We are thrilled to welcome Dr. Kellie Jones to celebrate the publication of her eagerly awaited book on David Hammons.
The first anthology of texts on the luminary contemporary artist David Hammons.
David Hammons is a collection of essays on the one of the most important living Black artists of our time, David Hammons (b. 1943). Documenting five decades of visual practice from 1982 to the present, the book features contributions from scholars, artists, and cultural workers, and includes numerous images of the artist and his work that are not widely available. Contributions include essays from cultural critics including Guy Trebay and Greg Tate; artists Coco Fusco and Glenn Ligon; and scholars such as Robert Farris Thompson, Alex Alberro, and Manthia Diawara.

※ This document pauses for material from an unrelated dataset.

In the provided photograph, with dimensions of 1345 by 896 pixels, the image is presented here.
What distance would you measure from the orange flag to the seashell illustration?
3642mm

A star of the West Coast Black Arts Movement in the 1960s and the winner of a Prix de Rome prize as well as a MacArthur Fellowship, David Hammons rose to fame in Los Angeles with his body prints, in which he used his entire body as a printing plate. His later work engaged with materials that he found in urban environments—from greasy brown paper bags, discarded hair from barber shops, and empty bottles of cheap wine—which he turned into things of wonder while also commenting on a country’s neglect of its citizens. In this volume, a new generation of scholars, Tobias Wofford, Abbe Schriber, and Sampada Aranke, broaden the theoretical mapping of Hammons’s career and its impact, challenging viewers to imagine, in the words of Aranke, “how to see like Hammons.”

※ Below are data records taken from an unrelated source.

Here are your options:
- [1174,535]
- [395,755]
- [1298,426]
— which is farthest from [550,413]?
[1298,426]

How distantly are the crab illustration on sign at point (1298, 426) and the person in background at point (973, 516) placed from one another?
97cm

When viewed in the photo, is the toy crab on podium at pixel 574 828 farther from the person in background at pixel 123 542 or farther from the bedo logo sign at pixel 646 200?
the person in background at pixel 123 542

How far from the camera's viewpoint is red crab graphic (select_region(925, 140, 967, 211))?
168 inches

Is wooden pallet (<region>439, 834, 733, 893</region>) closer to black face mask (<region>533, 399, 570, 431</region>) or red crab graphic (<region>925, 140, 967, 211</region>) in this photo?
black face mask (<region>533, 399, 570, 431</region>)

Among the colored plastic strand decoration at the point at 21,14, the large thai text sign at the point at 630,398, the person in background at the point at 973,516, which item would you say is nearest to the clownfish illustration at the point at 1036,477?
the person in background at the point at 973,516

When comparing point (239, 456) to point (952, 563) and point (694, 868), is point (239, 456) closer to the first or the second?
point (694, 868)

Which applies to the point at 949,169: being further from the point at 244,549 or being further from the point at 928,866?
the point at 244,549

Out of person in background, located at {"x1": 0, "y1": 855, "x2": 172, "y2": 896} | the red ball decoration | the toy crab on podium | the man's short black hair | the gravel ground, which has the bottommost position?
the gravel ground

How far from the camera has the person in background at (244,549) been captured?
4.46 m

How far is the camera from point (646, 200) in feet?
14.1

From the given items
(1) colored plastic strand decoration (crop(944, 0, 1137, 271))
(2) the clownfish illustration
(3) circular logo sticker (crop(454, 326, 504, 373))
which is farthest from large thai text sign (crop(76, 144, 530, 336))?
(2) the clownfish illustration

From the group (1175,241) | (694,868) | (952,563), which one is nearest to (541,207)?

Kellie Jones is Hans Hofmann Professor of Modern Art in the Departments of Art History & Archaeology and African American & African Diaspora Studies at Columbia University. A member of the American Academy of Arts and Sciences (Boston) and the American Philosophical Society (Philadelphia), she was named a MacArthur Foundation Fellow in 2016.
Dr. Jones’s writings have appeared in a multitude of exhibition catalogues and journals. She is the author of EyeMinded: Living and Writing Contemporary Art and South of Pico: African American Artists in Los Angeles in the 1960s and 1970s (2017).
Dr. Jones has also worked as a curator for over four decades and has numerous major national and international exhibitions to her credit. Her exhibition “Now Dig This! Art and Black Los Angeles, 1960-1980,” at the Hammer Museum, Los Angeles, was named one of the best exhibitions of 2011 and 2012 by Artforum, and best thematic show nationally by the International Association of Art Critics (AICA). She was co-curator of “Witness: Art and Civil Rights in the 1960s” (Brooklyn Museum), named one the best exhibitions of 2014 by Artforum.